Controlled Crying For Naps – Cosleeping

We have covered Controlled Crying (also known as The Ferber Method) in some detail in previous posts.  Please see However, following a recent comment on the site I thought an extra post was needed to discuss how nap times and co-sleeping fit in with the technique.


In terms of nap-times, you should use a similar procedure as you do during the night .  As Zoe rightly pointed out, if you didn’t have consistency between the daytime and nightime sleeps you would confuse your baby by sending him ‘mixed messages.’


However, many parents have reported problems using the controlled crying method at naptimes so I now recommend a less-harsh adaptation for nap times.  It has been suggested that CC is less effective for naps because babies use a different part of the brain for naps when compared with night time sleep. Make sure you have black-out blinds for his room as these really help. Also, the world has a lot more things going on during the day and much more noise so you may want to consider leaving a lullaby cd on at a low volume to block out these audible distractions.

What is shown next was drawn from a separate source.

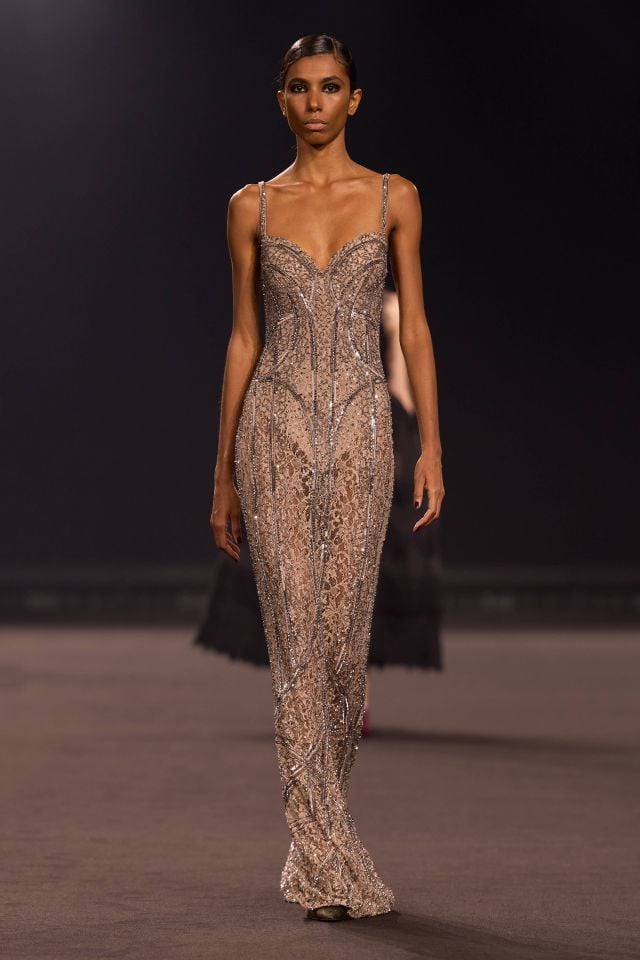 عرض أزياء إيلي صعب خريف/شتاء 2026-2027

Naps can be difficult to sort out and may take a couple of weeks to get right. The first nap of the day is the place where you want to begin because this is the easiest one to tackle. Your aim is obviously going to be to get him down in his cot for that nap. Allocate a time-frame of one hour for the nap and use the technique below until the hour is up. If baby fails to sleep within that time, get him up and get him to sleep another way (car,pram etc.) and then try again the following day. Repeat the process until he’s settling for that nap, then move on to another nap.


Here is the technique to try for parents who have used CC at night time but are struggling with nap time. The two techniques are consistent so using one in the day and one at night won’t confuse your baby and cause problems at night.
The nap time technique (this is not easy btw but it does work):


1. Have a short pre-bed routine and place baby in the cot awake. If he cries, try and comfort with words and gentle head stroking. If he doesn’t stop crying, pick him up and say, “shush, shush” and softly pat his back. As soon as he stops crying, put him down straight away (you are not rocking him to sleep you are still attempting to get him to fall asleep in the cot). If he is crying and arching his back, put him down immediately.


2. Even if he cries the second you begin to lower him into the cot, make sure you still put him down all the way to the mattress before you pick him up again. Repeat this procedure correctly so that you are picking him up when he cries and putting him down immediately when he stops. After a time he should begin to calm down and cry less. If you do get him to the stage where is in the cot and is quiet, stay with him with a hand laid on his body and carry on the reassuring talk in a very soft voice. Only leave the room when you are sure he’s in a deep sleep.


3. After 20 minutes of this, put him in the cot and leave the room for 10 minutes. If he is still crying, repeat the ‘picking up and lowering down’ method for another 20 minutes and leave for 10.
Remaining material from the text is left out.